Exercise prompt
What is wanted is every line below from the one with "Opens in a new window or tab" up to and including the one with "Garvee Christmas Tree", retyped exactly, pictures excluded, nothing else.

Information shown
--
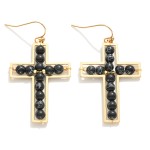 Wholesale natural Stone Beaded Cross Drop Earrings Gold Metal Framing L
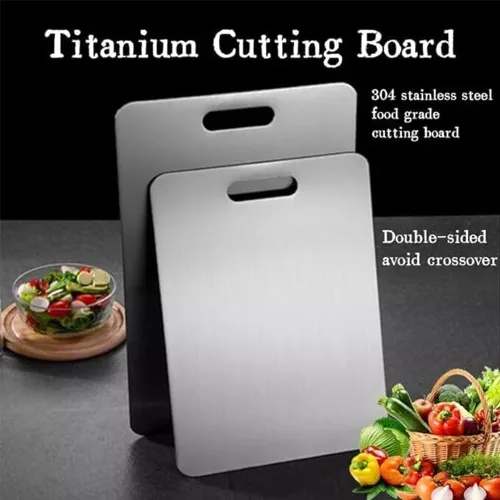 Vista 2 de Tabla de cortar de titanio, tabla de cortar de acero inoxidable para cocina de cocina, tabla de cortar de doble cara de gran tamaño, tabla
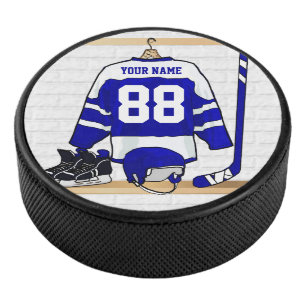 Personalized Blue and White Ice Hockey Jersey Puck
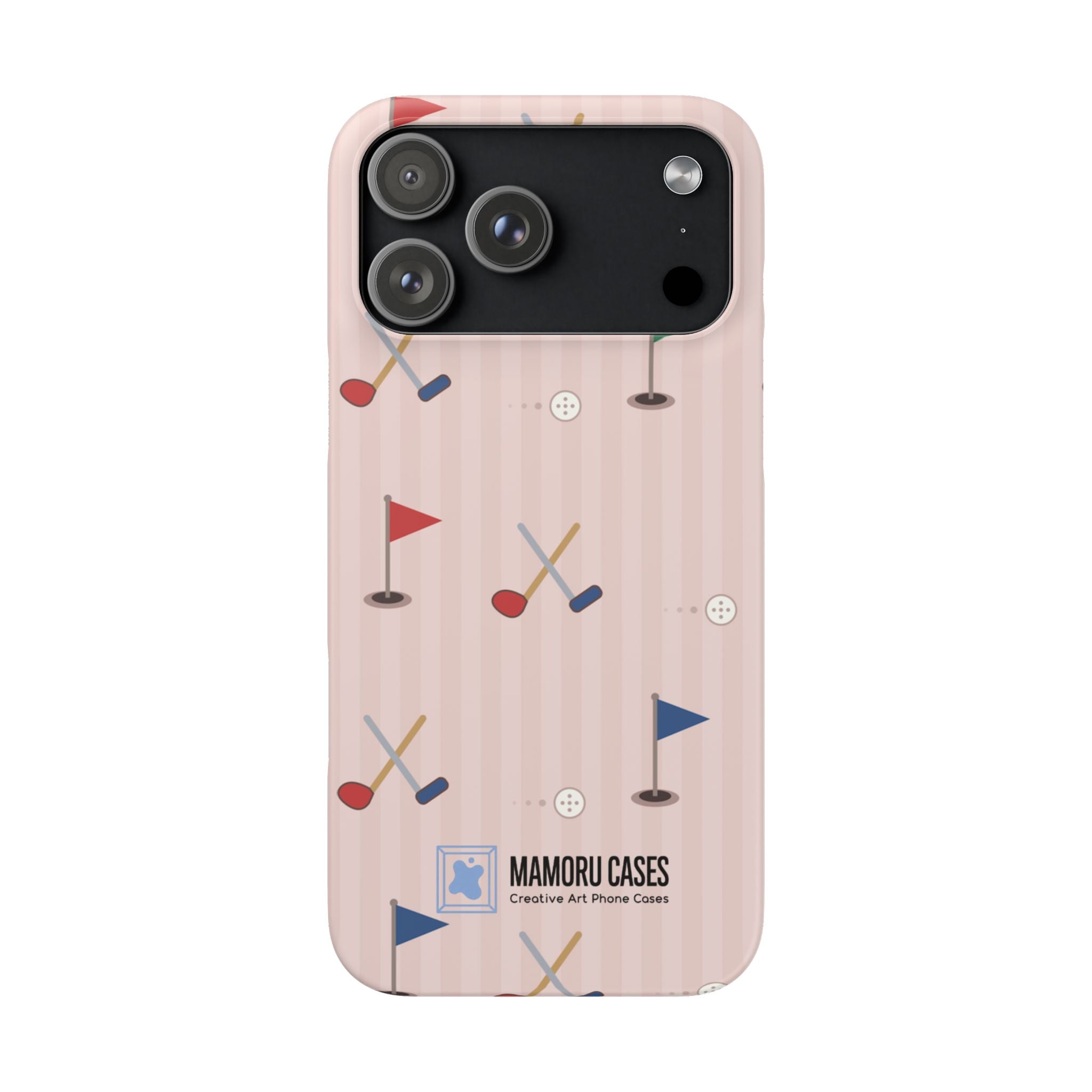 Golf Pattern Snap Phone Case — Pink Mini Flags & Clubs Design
--
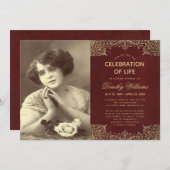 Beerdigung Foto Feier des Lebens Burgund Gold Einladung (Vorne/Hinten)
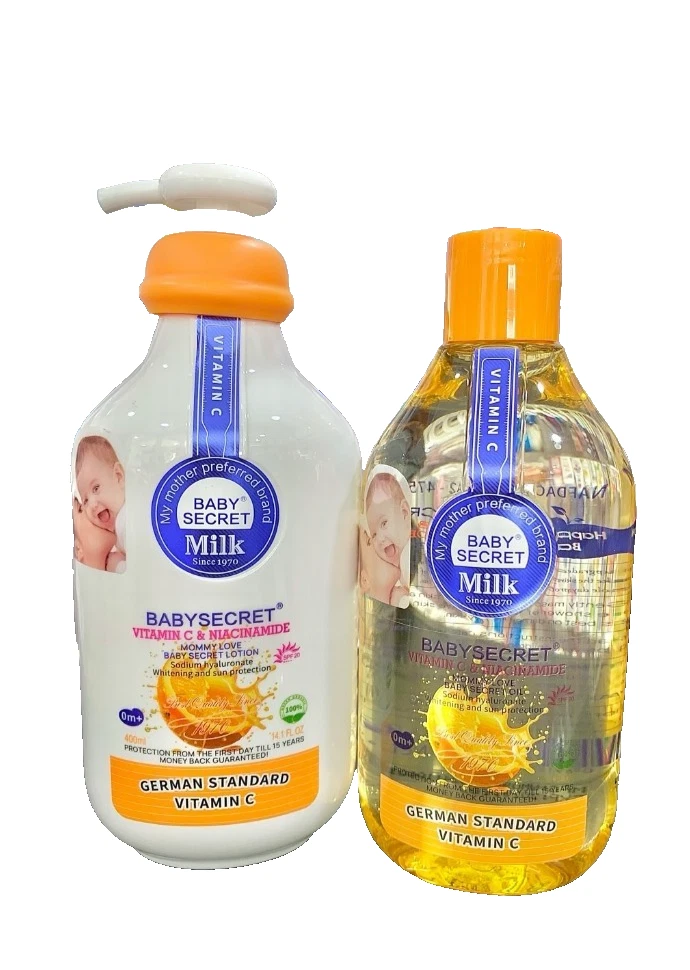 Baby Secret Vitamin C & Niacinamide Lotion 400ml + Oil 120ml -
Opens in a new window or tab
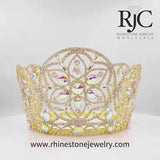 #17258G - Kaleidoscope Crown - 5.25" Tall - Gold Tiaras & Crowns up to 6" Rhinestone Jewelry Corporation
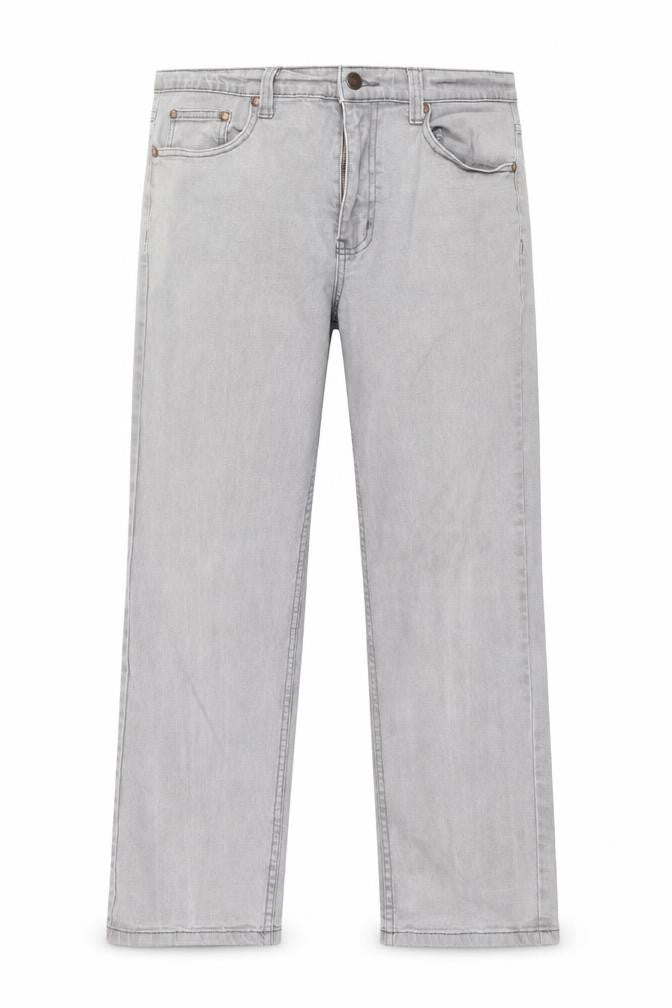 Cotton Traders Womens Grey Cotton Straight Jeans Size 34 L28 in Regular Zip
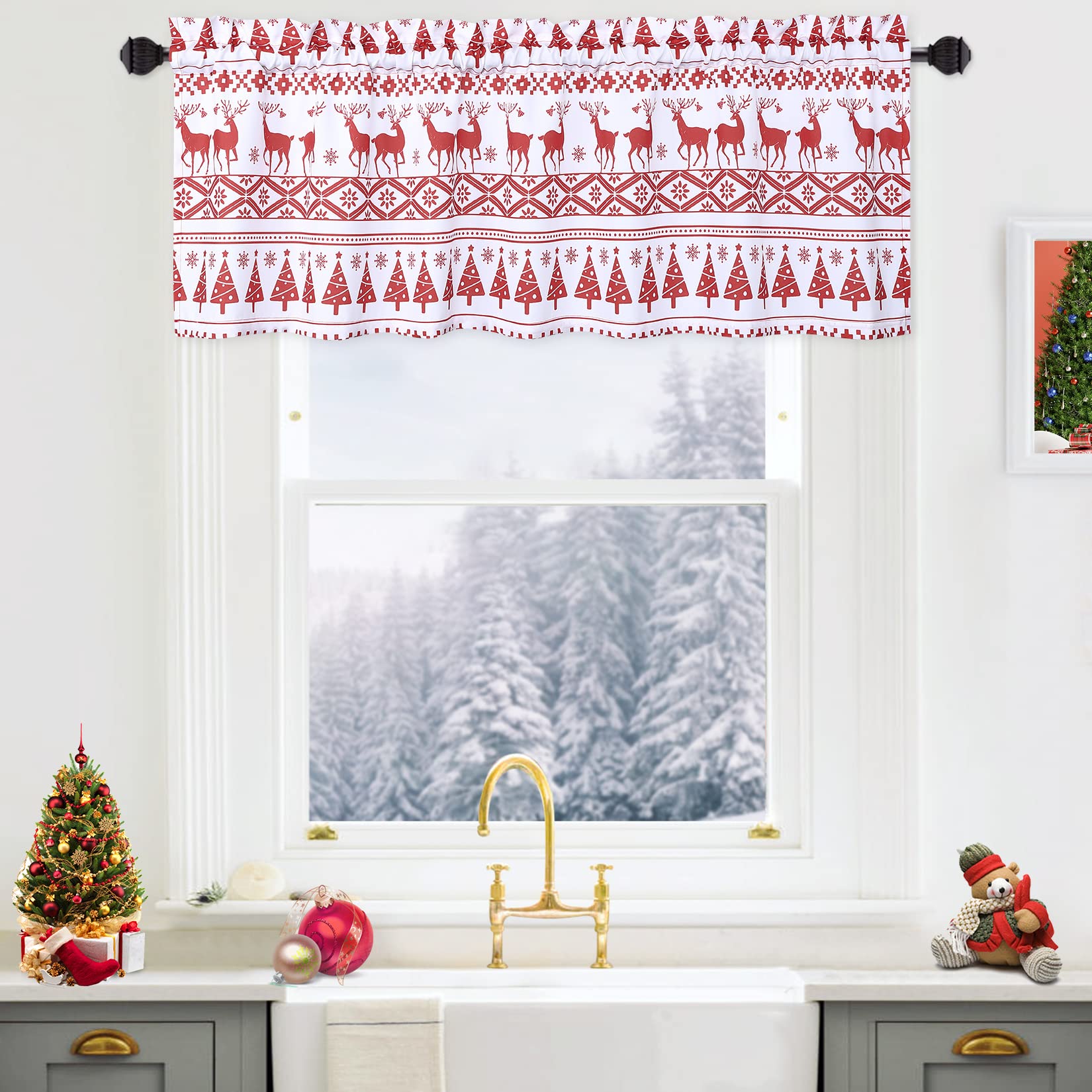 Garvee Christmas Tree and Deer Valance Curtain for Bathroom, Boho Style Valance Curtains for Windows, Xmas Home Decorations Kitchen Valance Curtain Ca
--
Response to the exercise
Opens in a new window or tab
 #17258G - Kaleidoscope Crown - 5.25" Tall - Gold Tiaras & Crowns up to 6" Rhinestone Jewelry Corporation
 Cotton Traders Womens Grey Cotton Straight Jeans Size 34 L28 in Regular Zip
 Garvee Christmas Tree and Deer Valance Curtain for Bathroom, Boho Style Valance Curtains for Windows, Xmas Home Decorations Kitchen Valance Curtain Ca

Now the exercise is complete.